Nothing that I carry away from Killarney haunts me with the same fullness of beauty, but perhaps only because Killarney is no one's discovery; it has no secret lover. You might as well seek to praise Sarah Bernhardt's genius or Tennyson's charm of style. Yet I suppose each one will discern for himself some passing perfection, some special facet of that loveliness—as I indeed remember the wonderful, shadowed, lucid green of water reflecting darkly the bank of tall reeds which grow westward of the landing stage to which we rowed in after fishing: and remember, too, the singular sight of a man's naked body, as he stood poised before plunging in to bathe, some hundred yards from us; for the low sun caught his figure, outlined against the long line of dark foliage behind him, and made it at once the glowing centre of a beautiful landscape.
This was on the lower lake, largest by far of the three which form a crescent, compassing from south to north (as the water runs) the eastern flank of the Reeks.
My last visit found me at the Victoria Hotel where the lake is broad and open to the Purple Mountain, a noble landscape: but to reach what is my idea of Killarney proper, you must row across to the narrows between the lovely isle of Inisfallen and the east shore, so reaching Ross Bay and a more confined water, studded over with island rocks.
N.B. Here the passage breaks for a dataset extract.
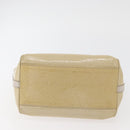 Salvatore Ferragamo Gancini Hand Bag Patent leather Beige Silver Auth BAZ498-5
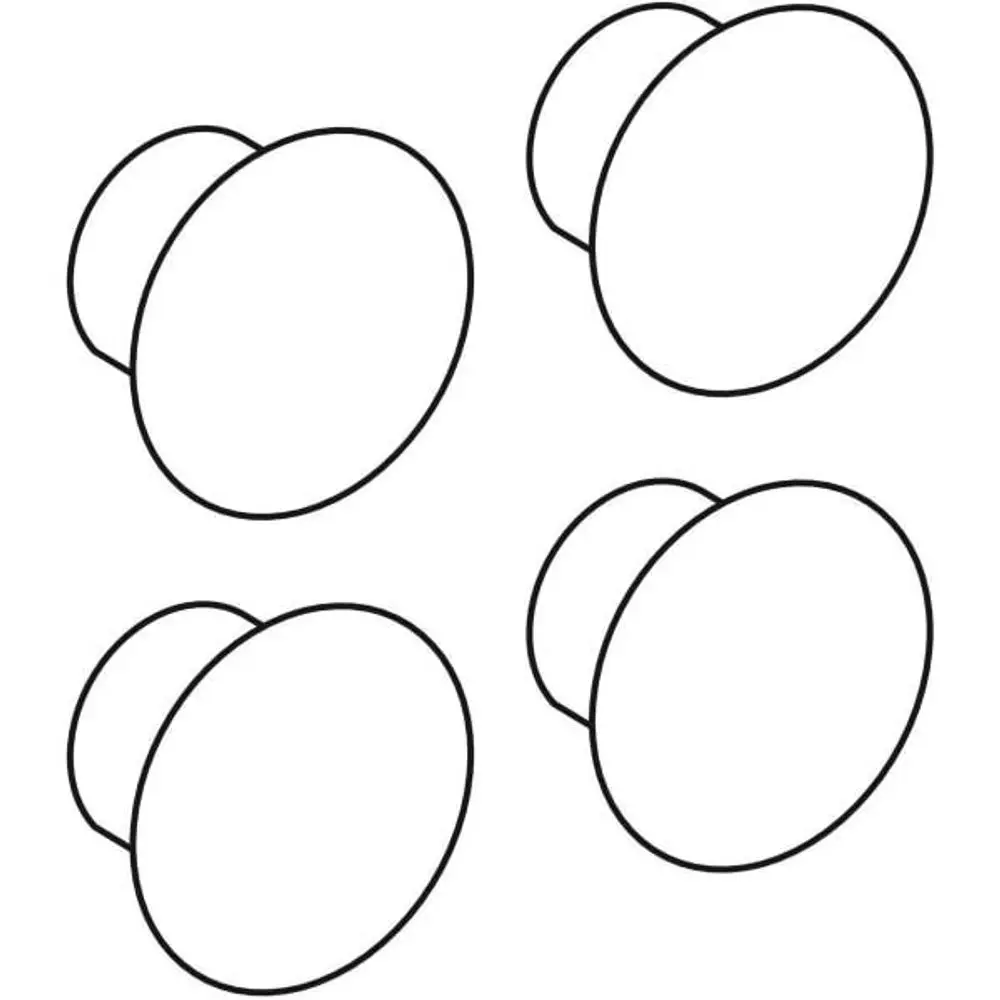 Vier weiße Deckkappen mit einem runden, flachen Design. Sie sind zum Einsatz in myDay Hochschränken von Geberit vorgesehen.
Here the shores are of that peculiar limestone which the lapping of water frets into numberless quaint crannies and fissures till the verge of the water looks as though it were a frame intricately carved by some patient craftsman; and in all these chinks and crevices ferns and other wild and beautiful herbage grow with exquisite profusion. That is what makes to my mind the essence of Killarney's charm, this wealth of intricate detail making a foreground to mountain and lake scenery as bold and wild as any highlands can show. Add to this the presence of unfamiliar foliage, here native, exotic everywhere else—notably the arbutus with its dark, glossy leaf and ruddy stem, handsomest of all shrubs; dark yew also, and juniper, mingled in with native growth of oak and birch, yet through all, skilful plantation has set in this and that graceful foreign tree, this and that bright berry. It is no wonder that such a place should have become one of the world's great tourist centres, especially when to these beauties are added the distinction and interest of fine ruins—Ross Castle where the O'Donoghues were lords till Cromwell's forces drove them out; Inisfallen where St. Finian's pious monks had their abbey through untroubled centuries. And, being as it is, Killarney is equipped for the tourist as is no other place in Ireland: all the excursions have been thought and planned, and your hotelkeeper will have arrangements fully made; nor is the plague of beggars at all the annoyance that it used to be—a blessed reform. The boatmen have learnt their trade of cicerone to perfection, and will not only tell you the standard yarns and jests and legends of the place if you desire them, but will have the tact to discriminate serious-minded folk—such as anglers—who may probably not want this form of entertainment.
Yet, for all that, it is a place for tourists, and, as such, commands only my reluctant tribute. But the drive from Killarney to Kenmare which, skirting Muckross and the upper lake, carries you gradually circling round the whole crescent till you rise into the Black Valley where the Gap of Dunloe breaks in—well, that drive, I must say, fairly broke down my coldness: I grew no less enthusiastic than the famous Scottish expert on salmon fishing who was of the party and declared the whole thing equal to the Trossachs—from which I gather that Scotland at least has not anything to show more fair. Moreover, fishing on the lakes is free and good; there is a chance of salmon, and trout are both plenty and sizeable. That is to say, on a good day they should average close on half a pound, and this means that a pound fish is no great rarity—as he certainly would be in Glencar. Also in Killarney town you have the best fly tier in Ireland; many a friend of mine in Donegal who never saw Kerry could swear to Mr. Courtney's work in this delicate craft, almost an art in itself.
But that is all I have to say about "Heaven's reflex, Killarney".